Human parechoviruses (HPeVs) are small nonenveloped single-stranded RNA viruses belonging to the genus Parechovirus within the family Picornaviridae. The genomes are of positive polarity and comprise ~7,400 nucleotides (nt), including an open reading frame flanked by a 5′ and 3′ untranslated region (UTR). The polyprotein is cleaved by viral proteases into 10 structural and nonstructural viral proteins. Currently, 16 different types of HPeV have been designated based on the VP1 capsid protein sequence (1) (http://www.picornaviridae.com). Moreover, one new type has been proposed that did not cluster with any of the 16 types (2). HPeVs are associated with a broad spectrum of diseases, including gastroenteritis, respiratory diseases, meningitis/encephalitis, acute flaccid paralysis, and neonatal sepsis (3). Nevertheless, the majority of subjects with HPeV infections may remain asymptomatic (4). We have recently reported a hitherto-unassigned HPeV strain (M36/CI/2014) that was identified in a stool sample from a healthy 9-month-old female from Côte d’Ivoire (5). To further analyze this strain, we have amplified and sequenced nearly the entire genome.

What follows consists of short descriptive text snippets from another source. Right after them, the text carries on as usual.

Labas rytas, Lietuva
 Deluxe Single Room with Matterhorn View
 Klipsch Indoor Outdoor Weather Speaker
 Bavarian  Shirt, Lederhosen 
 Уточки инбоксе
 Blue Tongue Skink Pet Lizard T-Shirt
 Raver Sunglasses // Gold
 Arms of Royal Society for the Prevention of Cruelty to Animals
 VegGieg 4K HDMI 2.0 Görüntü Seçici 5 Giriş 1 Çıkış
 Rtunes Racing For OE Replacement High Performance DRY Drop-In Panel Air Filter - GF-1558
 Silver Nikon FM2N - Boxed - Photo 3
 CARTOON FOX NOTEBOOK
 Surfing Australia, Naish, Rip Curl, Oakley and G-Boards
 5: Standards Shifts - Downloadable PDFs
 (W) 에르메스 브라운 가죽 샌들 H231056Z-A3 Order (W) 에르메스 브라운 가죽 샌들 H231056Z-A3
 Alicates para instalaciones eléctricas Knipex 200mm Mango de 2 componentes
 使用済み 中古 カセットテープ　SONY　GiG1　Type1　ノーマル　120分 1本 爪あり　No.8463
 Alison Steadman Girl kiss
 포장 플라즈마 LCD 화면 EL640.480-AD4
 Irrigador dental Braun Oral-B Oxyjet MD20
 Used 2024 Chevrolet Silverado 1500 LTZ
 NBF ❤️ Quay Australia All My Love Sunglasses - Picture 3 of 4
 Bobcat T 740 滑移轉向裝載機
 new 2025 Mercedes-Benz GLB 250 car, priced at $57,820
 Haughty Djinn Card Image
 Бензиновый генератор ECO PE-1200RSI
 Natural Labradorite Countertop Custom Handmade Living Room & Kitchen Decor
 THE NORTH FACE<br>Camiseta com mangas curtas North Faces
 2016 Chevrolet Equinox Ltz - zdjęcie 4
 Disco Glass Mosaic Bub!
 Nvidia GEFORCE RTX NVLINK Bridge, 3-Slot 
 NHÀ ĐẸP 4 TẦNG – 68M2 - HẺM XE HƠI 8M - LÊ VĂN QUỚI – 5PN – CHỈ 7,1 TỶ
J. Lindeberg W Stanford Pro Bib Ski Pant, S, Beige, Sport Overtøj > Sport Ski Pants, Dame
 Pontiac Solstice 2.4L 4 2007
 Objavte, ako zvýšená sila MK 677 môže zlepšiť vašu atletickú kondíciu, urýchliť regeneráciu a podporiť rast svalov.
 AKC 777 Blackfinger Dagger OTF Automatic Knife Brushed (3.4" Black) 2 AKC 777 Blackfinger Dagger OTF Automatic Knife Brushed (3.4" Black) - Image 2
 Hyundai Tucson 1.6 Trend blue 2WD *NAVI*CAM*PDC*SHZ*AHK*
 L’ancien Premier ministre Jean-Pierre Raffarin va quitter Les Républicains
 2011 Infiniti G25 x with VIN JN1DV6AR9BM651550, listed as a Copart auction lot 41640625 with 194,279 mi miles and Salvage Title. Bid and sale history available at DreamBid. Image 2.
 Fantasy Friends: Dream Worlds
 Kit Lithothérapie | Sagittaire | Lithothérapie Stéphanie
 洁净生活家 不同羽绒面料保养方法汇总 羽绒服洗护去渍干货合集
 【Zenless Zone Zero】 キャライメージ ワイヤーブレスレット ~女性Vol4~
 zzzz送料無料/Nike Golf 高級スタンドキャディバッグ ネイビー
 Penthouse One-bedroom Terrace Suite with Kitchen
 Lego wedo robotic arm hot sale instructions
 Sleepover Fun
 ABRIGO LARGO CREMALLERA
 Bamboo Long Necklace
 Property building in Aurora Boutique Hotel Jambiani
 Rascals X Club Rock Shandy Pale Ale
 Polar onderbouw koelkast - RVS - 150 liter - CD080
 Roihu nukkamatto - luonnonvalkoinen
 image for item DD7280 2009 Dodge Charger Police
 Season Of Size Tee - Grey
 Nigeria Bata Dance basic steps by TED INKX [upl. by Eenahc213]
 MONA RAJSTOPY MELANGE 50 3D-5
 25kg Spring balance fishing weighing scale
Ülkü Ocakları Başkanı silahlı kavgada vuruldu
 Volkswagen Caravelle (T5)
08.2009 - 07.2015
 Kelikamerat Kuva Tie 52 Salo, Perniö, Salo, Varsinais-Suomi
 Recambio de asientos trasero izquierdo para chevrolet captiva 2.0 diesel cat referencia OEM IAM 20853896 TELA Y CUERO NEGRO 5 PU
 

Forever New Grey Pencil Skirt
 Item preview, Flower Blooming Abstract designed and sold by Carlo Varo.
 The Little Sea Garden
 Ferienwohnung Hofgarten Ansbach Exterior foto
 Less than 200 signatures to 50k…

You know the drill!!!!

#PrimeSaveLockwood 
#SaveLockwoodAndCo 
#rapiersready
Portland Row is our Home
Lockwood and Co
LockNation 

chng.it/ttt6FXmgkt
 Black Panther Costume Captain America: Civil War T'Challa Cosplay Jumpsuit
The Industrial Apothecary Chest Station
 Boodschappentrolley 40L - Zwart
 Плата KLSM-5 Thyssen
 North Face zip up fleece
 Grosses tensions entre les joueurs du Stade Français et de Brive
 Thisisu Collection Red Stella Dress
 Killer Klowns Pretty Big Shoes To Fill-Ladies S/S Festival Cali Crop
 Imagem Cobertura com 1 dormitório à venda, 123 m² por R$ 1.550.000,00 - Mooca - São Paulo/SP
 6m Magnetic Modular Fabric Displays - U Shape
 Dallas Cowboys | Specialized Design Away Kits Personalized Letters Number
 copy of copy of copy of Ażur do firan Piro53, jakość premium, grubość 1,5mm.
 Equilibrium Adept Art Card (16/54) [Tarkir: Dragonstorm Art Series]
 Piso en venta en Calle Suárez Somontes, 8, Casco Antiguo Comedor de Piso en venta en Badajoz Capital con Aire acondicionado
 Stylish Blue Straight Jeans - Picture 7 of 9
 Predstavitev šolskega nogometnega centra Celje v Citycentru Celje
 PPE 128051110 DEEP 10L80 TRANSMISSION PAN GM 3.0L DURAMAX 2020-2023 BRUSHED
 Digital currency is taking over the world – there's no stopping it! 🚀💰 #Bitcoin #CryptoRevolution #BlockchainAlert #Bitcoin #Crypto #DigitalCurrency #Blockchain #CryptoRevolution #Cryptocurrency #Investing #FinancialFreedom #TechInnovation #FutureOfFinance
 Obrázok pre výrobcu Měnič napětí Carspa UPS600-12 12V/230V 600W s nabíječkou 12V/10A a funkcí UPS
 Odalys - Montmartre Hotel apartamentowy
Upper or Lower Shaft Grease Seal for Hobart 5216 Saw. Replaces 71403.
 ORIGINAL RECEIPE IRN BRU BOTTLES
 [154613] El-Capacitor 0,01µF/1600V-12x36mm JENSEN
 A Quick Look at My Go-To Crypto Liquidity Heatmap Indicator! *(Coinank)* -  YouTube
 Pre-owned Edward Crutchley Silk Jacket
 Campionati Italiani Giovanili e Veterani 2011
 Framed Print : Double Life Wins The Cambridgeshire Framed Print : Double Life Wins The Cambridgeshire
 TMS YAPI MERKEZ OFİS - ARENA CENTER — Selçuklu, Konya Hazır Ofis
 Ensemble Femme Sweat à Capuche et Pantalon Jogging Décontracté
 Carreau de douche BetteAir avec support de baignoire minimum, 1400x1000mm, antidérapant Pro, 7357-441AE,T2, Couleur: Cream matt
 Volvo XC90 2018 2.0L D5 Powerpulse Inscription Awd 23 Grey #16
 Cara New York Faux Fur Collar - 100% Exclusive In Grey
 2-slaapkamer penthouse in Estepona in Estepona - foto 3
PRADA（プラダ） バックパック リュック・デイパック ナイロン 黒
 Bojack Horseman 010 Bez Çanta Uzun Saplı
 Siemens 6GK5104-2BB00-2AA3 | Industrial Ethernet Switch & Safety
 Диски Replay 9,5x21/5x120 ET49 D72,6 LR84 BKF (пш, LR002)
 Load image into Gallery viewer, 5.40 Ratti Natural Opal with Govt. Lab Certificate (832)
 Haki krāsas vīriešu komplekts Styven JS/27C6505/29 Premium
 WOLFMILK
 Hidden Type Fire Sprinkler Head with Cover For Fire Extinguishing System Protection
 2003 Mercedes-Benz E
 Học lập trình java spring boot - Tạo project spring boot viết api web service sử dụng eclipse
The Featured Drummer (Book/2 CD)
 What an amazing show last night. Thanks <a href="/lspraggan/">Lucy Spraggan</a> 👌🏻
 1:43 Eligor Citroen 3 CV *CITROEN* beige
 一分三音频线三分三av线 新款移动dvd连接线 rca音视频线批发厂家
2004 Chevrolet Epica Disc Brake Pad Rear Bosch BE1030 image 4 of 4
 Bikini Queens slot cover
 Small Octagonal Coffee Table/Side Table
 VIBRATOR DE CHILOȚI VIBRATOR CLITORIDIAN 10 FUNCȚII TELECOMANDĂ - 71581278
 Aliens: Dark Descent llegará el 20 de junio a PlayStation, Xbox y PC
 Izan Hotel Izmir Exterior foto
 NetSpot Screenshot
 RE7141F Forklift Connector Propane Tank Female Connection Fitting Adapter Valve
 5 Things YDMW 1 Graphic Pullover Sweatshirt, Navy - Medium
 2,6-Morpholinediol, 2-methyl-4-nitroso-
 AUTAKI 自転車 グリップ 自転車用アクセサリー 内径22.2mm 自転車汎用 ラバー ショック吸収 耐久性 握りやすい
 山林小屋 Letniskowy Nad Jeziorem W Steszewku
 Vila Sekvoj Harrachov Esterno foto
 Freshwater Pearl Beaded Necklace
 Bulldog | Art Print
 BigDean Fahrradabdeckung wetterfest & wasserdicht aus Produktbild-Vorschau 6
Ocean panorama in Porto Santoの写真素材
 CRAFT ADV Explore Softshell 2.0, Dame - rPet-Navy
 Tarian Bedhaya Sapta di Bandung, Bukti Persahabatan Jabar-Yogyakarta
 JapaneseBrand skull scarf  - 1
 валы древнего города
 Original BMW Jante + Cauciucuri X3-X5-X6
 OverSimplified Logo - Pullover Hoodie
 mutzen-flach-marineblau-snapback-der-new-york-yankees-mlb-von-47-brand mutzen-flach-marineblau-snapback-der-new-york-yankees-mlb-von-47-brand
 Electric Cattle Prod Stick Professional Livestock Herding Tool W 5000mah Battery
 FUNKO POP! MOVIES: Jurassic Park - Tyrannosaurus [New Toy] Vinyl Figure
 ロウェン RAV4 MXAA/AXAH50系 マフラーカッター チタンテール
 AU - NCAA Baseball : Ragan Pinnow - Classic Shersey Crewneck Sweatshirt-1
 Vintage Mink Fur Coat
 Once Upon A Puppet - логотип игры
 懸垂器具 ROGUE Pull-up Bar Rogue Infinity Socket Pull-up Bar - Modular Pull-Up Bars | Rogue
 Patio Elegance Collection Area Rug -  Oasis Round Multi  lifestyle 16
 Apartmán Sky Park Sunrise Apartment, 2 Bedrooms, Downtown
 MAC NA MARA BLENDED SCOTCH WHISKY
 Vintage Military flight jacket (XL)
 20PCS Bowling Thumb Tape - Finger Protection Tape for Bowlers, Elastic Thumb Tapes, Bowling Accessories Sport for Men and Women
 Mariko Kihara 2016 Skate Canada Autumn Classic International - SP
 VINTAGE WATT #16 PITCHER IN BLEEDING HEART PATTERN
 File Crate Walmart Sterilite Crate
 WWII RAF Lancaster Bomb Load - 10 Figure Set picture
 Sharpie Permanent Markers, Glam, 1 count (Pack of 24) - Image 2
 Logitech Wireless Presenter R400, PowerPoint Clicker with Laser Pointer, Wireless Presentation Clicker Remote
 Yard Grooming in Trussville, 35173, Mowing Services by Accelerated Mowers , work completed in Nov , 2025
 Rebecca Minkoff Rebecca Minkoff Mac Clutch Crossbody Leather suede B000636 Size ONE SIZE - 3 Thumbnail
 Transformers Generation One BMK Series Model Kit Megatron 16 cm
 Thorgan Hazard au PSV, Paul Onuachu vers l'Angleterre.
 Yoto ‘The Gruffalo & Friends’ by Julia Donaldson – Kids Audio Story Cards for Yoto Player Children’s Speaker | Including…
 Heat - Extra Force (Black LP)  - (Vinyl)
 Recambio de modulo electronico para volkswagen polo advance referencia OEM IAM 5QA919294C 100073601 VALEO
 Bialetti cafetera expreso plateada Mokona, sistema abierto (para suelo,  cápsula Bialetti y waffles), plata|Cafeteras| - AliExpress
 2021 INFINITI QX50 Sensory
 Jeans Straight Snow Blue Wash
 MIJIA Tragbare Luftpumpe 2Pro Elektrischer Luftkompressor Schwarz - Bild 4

Based on parechovirus sequences available in GenBank, primers targeting the 5′ UTR (6) and 3Dpol region were used. The nearly entire genome was amplified using the PrimeScript one-step reverse transcription-PCR (RT-PCR) kit (TaKaRa Bio, Inc., Nojihigashi, Japan), and the 3′ UTR was amplified by one-step RT-PCR using 3′ rapid amplification of cDNA ends (3′RACE). Amplification of the complete 5′ UTR failed by using different 5′RACE kits. Therefore, 275 nt of the 5′ UTR of the genome is missing compared to the HPeV-1 prototype Harris (accession no. L02971). Sequencing was performed using a primer walking method directly on the PCR products after ExoSAP (Affymetrix, Santa Clara, CA, USA) treatment using BigDye Terminator 3.1 (Applied Biosytems, Foster City, CA, USA).

The nearly entire genome of M36/CI/2014 consists of 7,062 nt, excluding the 3′-poly(A) tail. It contains 433 nt of the 5′ UTR, an open reading frame (ORF) that is 6,540 nt in length encoding 2,179 amino acids (aa), and a 3′ UTR of 89 nt. BLAST search of the complete genome sequence revealed low nucleotide identity (79 to 82%) to HPeV reference genomes available in GenBank (HPeV-1, accession no. L02971; HPeV-2, accession no. AF055846; HPeV-3, accession no. AB084913; HPeV-4, accession no. DQ315670; HPeV-5, accession no. HQ696576; HPeV-6, accession no. HQ696577; HPeV-7, accession no. EU556224; and HPeV-8, accession no. EU716175). Although one BLAST hit reached 86% (accession no. GQ183020), phylogenetic analysis using the complete genome of M36/CI/2014 and 30 other HPeV genomes available in GenBank clearly showed that M36/CI/2014 is distinct from the known HPeV types.

Accession number(s).

The virus genome sequence described here has been deposited in the GenBank database under the strain name M36/CI/2014 under the GenBank accession no. KT319121.